▶ Task goal:
Pictures stay out of the copy; set down each line of the listing below exactly.

▶ Information supplied:
---

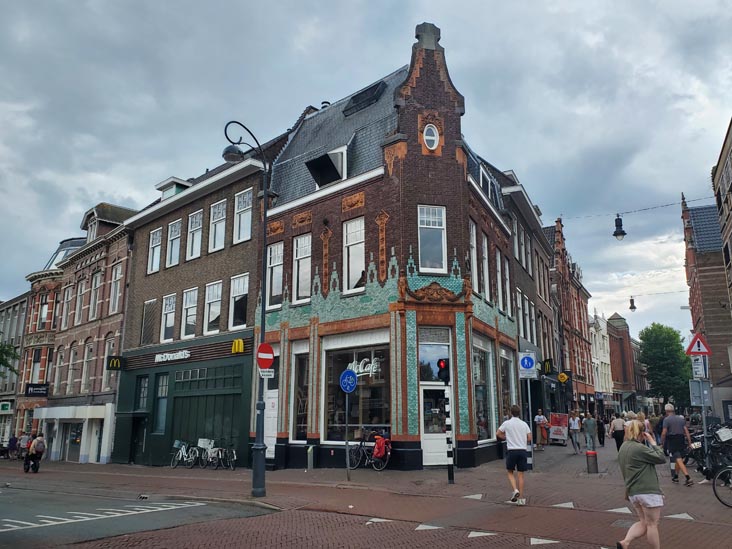 McDonald's, Grote Houtstraat 75, Haarlem, Netherlands, July 21, 2025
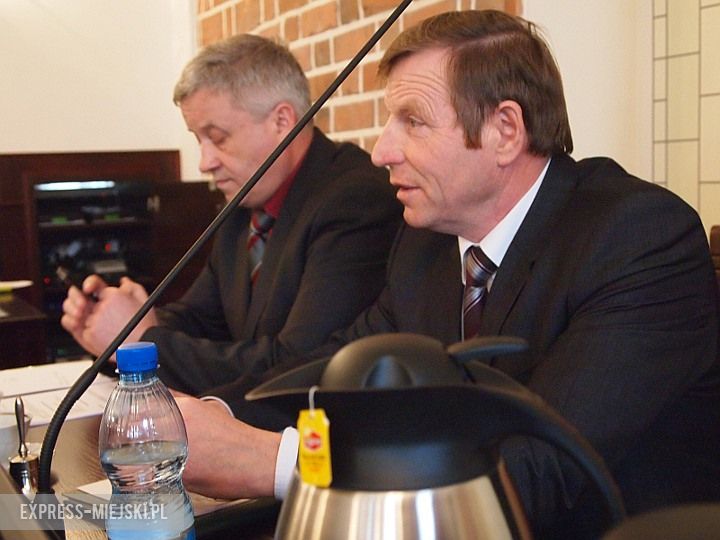 Na sesji odwołano skarbnika i powołano skarbniczkę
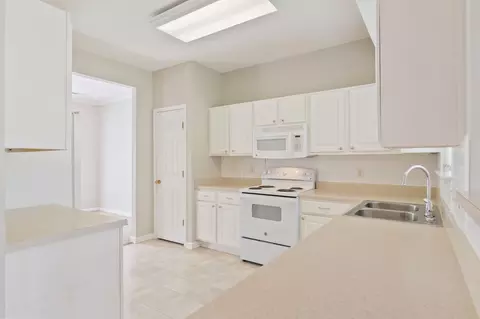 Kitchen - 1402 Bern Dr, Spring Hill, TN 37174 photo 3 of 4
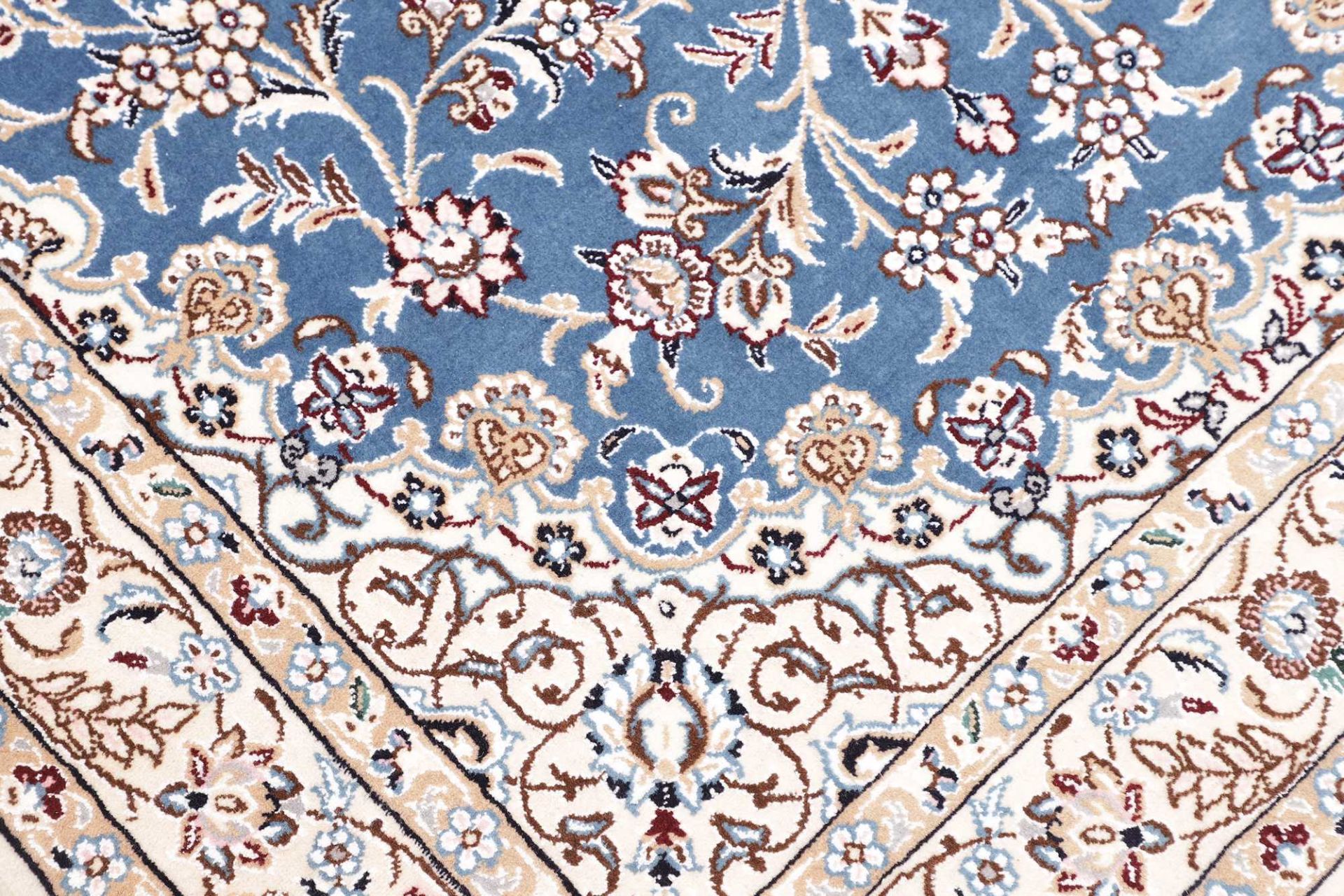 Nain Perserteppich aus Iran, 104 × 155 cm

---

▶ Result:
 McDonald's, Grote Houtstraat 75, Haarlem, Netherlands, July 21, 2025
 Na sesji odwołano skarbnika i powołano skarbniczkę
 Kitchen - 1402 Bern Dr, Spring Hill, TN 37174 photo 3 of 4
 Nain Perserteppich aus Iran, 104 × 155 cm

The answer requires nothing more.